Il y avait pourtant des solutions populaires
pour éviter tout ce vacarme d'austérité, de crise de la dette et de mise à mort
lente par saignement du peuple. En France, en Allemagne et en Grèce, aux
élections de 2012, voter pour des candidats se proposant de faire un audit
citoyen pour répudier la partie odieuse de la dette publique, par exemple. Rien
que la France, dans son histoire, a répudié sa dette publique à plusieurs
reprises pour se maintenir. Par exemple, lassé des gaspillages de son intendant
Nicolas Fouquet, Louis XIV répudie la dette et évince son intendant en le
remplaçant par Colbert.
Deuxièmement : nationaliser les banques pour
remettre le crédit au service du peuple, aurait pu être une solution. L'Islande
a tenté de le faire fin 2010 en rédigeant une Assemblée Constituante, répudiant
la dette illégitime et nationalisant les deux grandes banques du pays.

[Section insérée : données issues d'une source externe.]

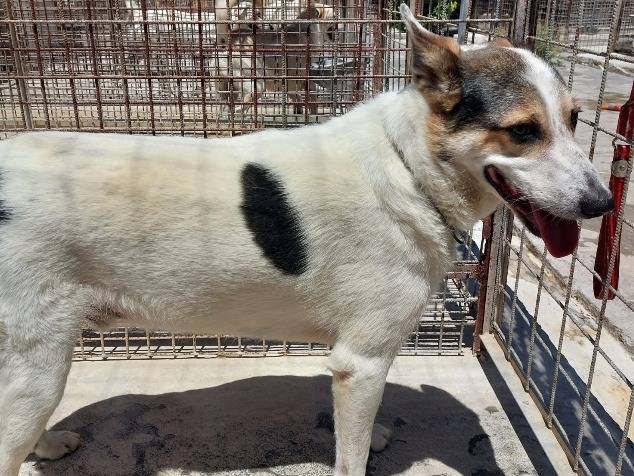 Adotta un cane, maschio, 4 anni e 3 mesi, Belluno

Troisièmement : supprimer les mécanismes de
défiscalisation des hauts revenus en réinstaurant des barèmes de l'impôt sur le
revenus et sur les sociétés. Instaurer un salaire maximal de 300 000 €/an au
dessus duquel l'Etat taxe à 100% les bénéfices afin que les plus riches payent
aussi de leur poche l'effort économique du pays.

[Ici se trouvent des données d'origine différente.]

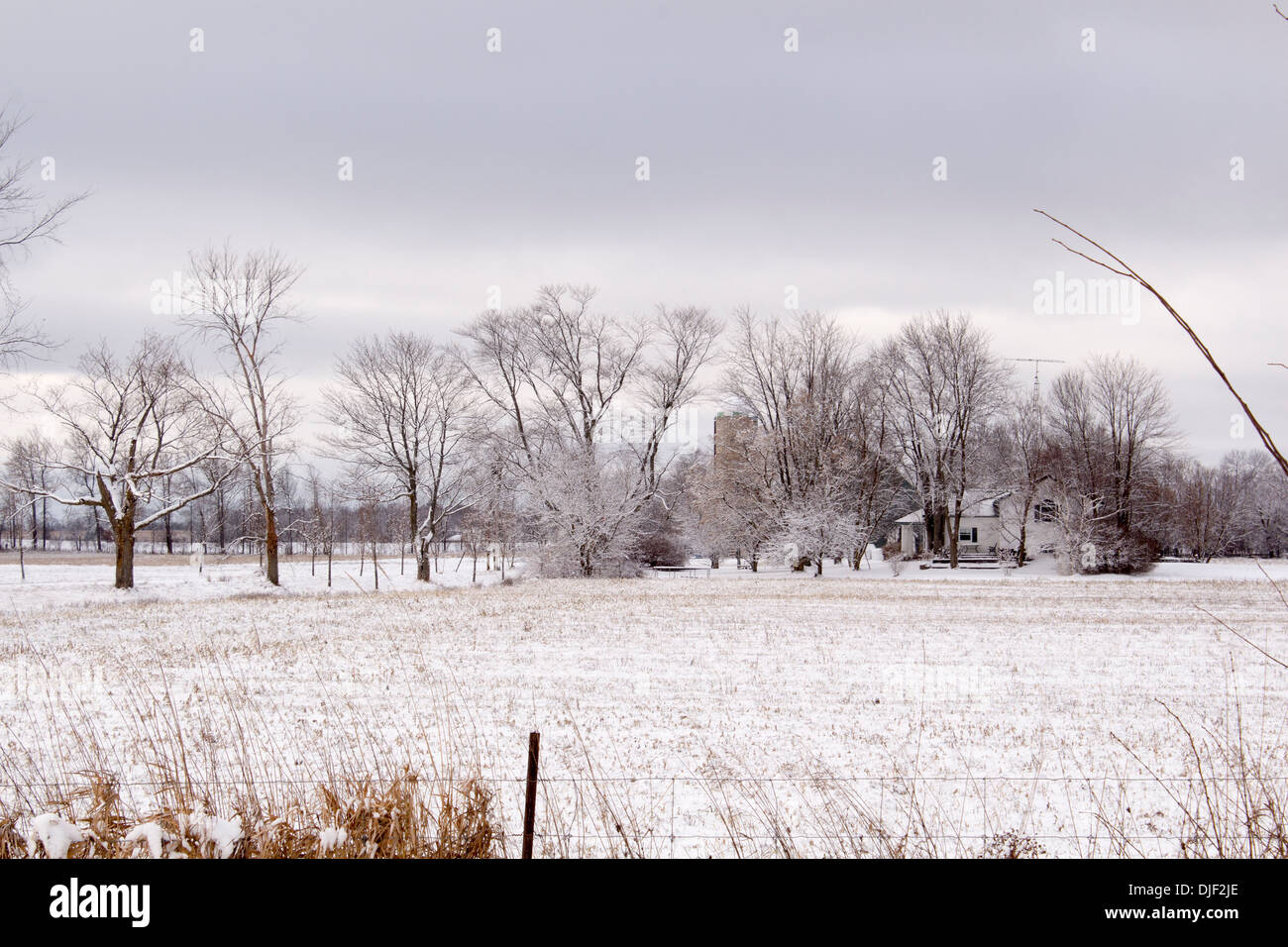 Ferme en début de l'hiver avec la neige sur le terrain et sur les arbres. Banque D'Images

Les solutions ne manquent pas et sans priver
personne, au contraire. Mais les entreprises de relations publiques (ou
propagande), qui sont proches du pouvoir et du Capital, préférèrent galvaniser
la haine et l'extrême-droite plutôt que d'informer les électeurs. La vraie
gauche une fois coulée en Europe, il ne restait plus qu'à placer les
néolibéraux de "gauche" au pouvoir, du moins en France, à un moment
où le Front de Gauche commençait à bénéficier d'une aura populaire importante.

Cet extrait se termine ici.